Start of Excerpted records

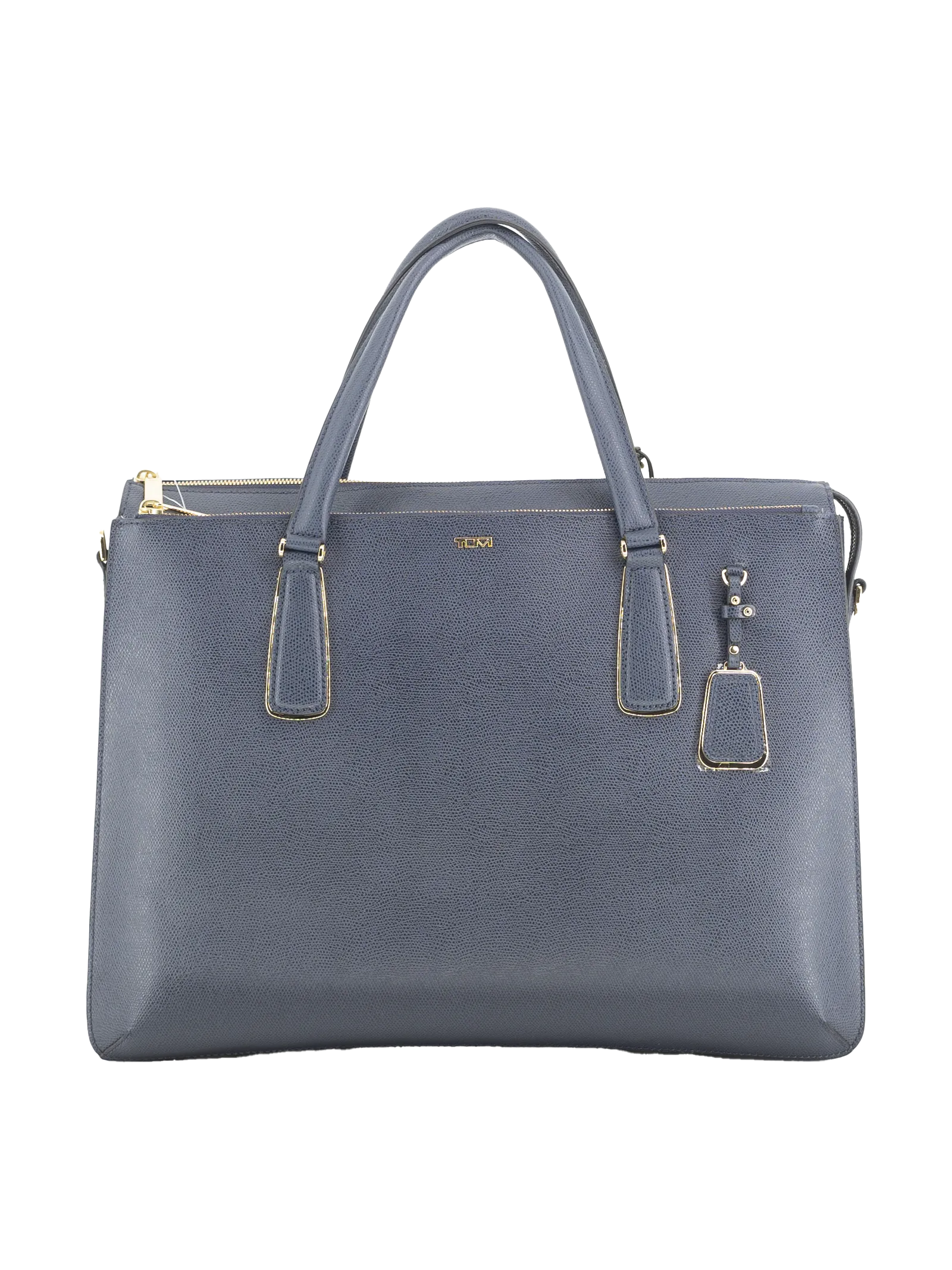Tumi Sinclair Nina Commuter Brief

End of Excerpted records
Start of Excerpted records

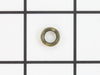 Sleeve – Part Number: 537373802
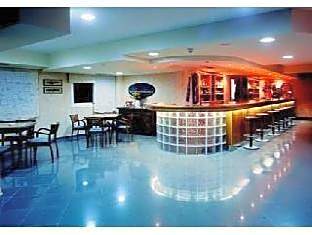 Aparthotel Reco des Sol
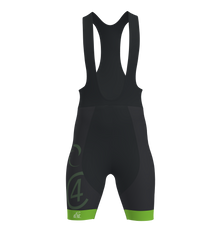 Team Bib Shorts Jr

End of Excerpted records

In the listing above, find the line containing "Sleeve – Part Number: 537373802" and the line containing "Team Bib Shorts Jr". Reproduce those lines and all between them exactly, with no pictures and nothing more.

 Sleeve – Part Number: 537373802
 Aparthotel Reco des Sol
 Team Bib Shorts Jr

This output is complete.